From the outset, I knew that reading In Caddis Wood by Mary François Rockcastle (who is the director of the creative writing programs at Hamline) was going to be a very adult experience. Not like going to a pornographic theater, or voting in a seminal election as a well-informed citizen of these United States; rather, I was going to encounter some honest-to-God adult themes, which, as it turns out, include psychological adultery, forgiveness, tragedy, and spousal neglect.
After all, In Caddis Wood (forthcoming this September from Graywolf Press) is about a sturdy marriage, the couple wealthy in both money and family, shaken by discovery and later tempered by devotion. This adults-only experience may have been more than I bargained for, however, confused and panicked by the revelation (shouldn’t I be over this?) that life isn’t fair. Well-written and stylistically sound (despite the irritating overuse of “russet” to describe the color of things), In Caddis Wood is a quick but heavy read.
The novel explores the marriage between Carl and Hallie Fens. Carl, a successful architect haunted by the ghost of his philandering father has spent much of his life focused on work and providing for his family rather than spending time with them while Hallie, a poet and teacher, anguished by the abandonment at an early age of her mother, forewent her creative work for much of her life choosing instead to be there for her children. Each chapter aligns the reader with either Carl or Hallie, a method that should draw the reader in to the middle of a husband/wife sandwich, but that I found to be dizzying, causing me to hold both narrators at arms length so I could get a better view of exactly what was happening.
There is a mess of things going on in this book. On top of Carl’s discovery that Hallie had an emotional affair with a man named Eugene years and years previous, during a rather rocky spot in their marriage, and later the family’s discovery that Carl is dying; in addition to recounting the death of a son-in-law, and the near-fatal accident which lead to a daughter’s crooked face; along with the sad letters left behind from the house in Caddis Wood’s previous owner and the bleak flashbacks of depressing parental encounters; the natural world around Caddis Wood, and in Minnesota at Pig’s Eye dump are all mucked up and deteriorating. The novel is a veritable hotbed of sadness, fuelled by tears rarely alleviated by the hope that things will be okay. Rather, we’re given the knowledge that life will just plod along leaving in its wake nothing but painful lessons and memories of a time when anything could have been. This is the adult part of the book.

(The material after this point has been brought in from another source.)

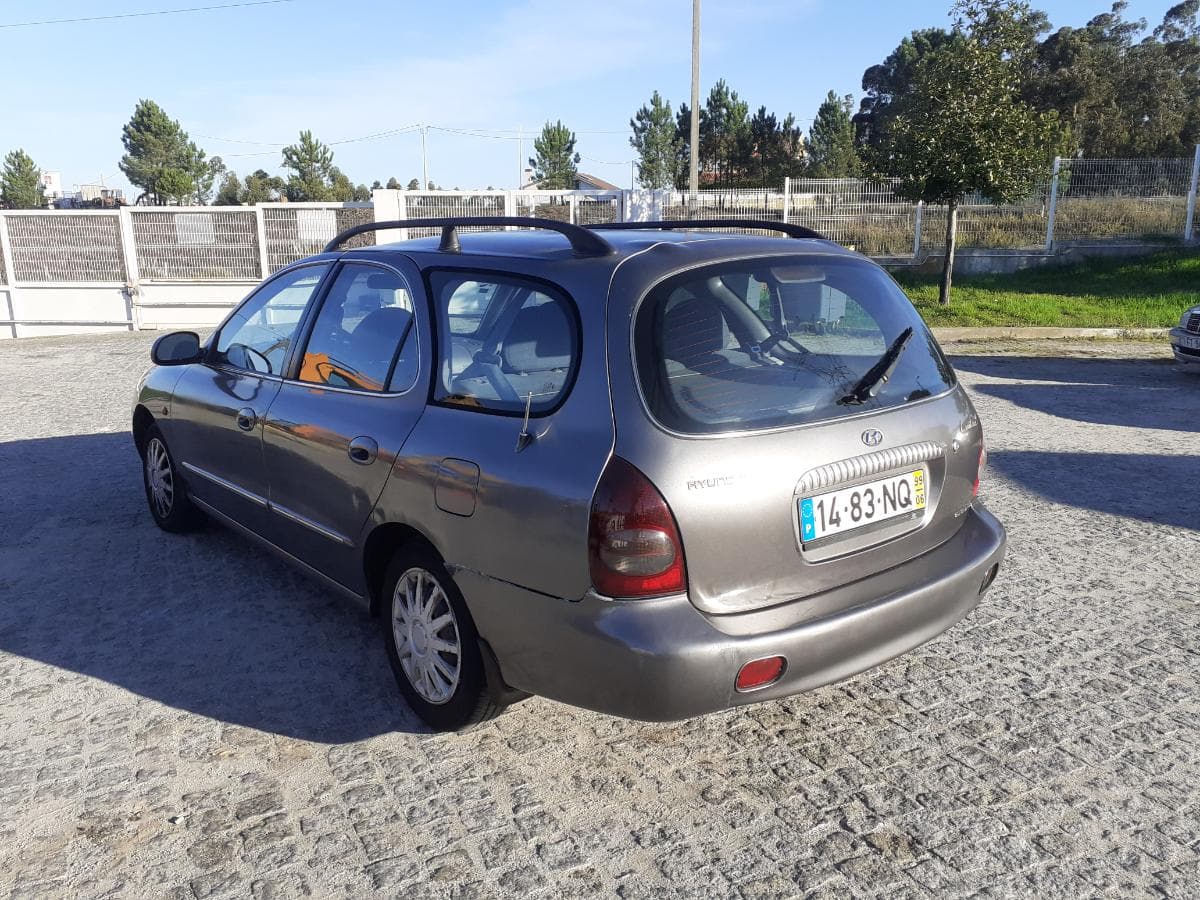 Hyundai Lantra 1.9 D · Ano 1999 — imagem 6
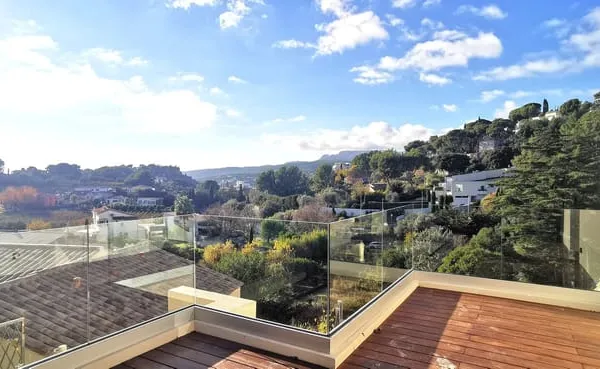Maison 4 pièces 258 m²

Toward the end of the novel, when Carl is dying, and Hallie is changing his bedclothes and feeding him, all the while feeling both pain and perhaps happiness at her coming creative freedom (finally), I couldn’t help but find myself full of anger for Hallie, and how unfair it seems for her to make such a hefty amends for such an understandable wrongdoing. Then, in the midst of my heated fit about how unfair it all seems it dawned on me that the book isn’t really about their marriage. It’s about nature, and how it is impossible to control. Human nature, the natural world, these things are chaos, mediated only slightly by the nurturing we receive. “For a moment she watched useless, beating wings, marveling at the insects’ ignorance and tenacity, unable to figure out a way in or a way out—until she turns the light off and the struggle ceases. There is no stopping it, she tells herself.” In Caddis Wood nature has its plans, and hope arises mainly in those brief moments when those plans chance to intersect with ours.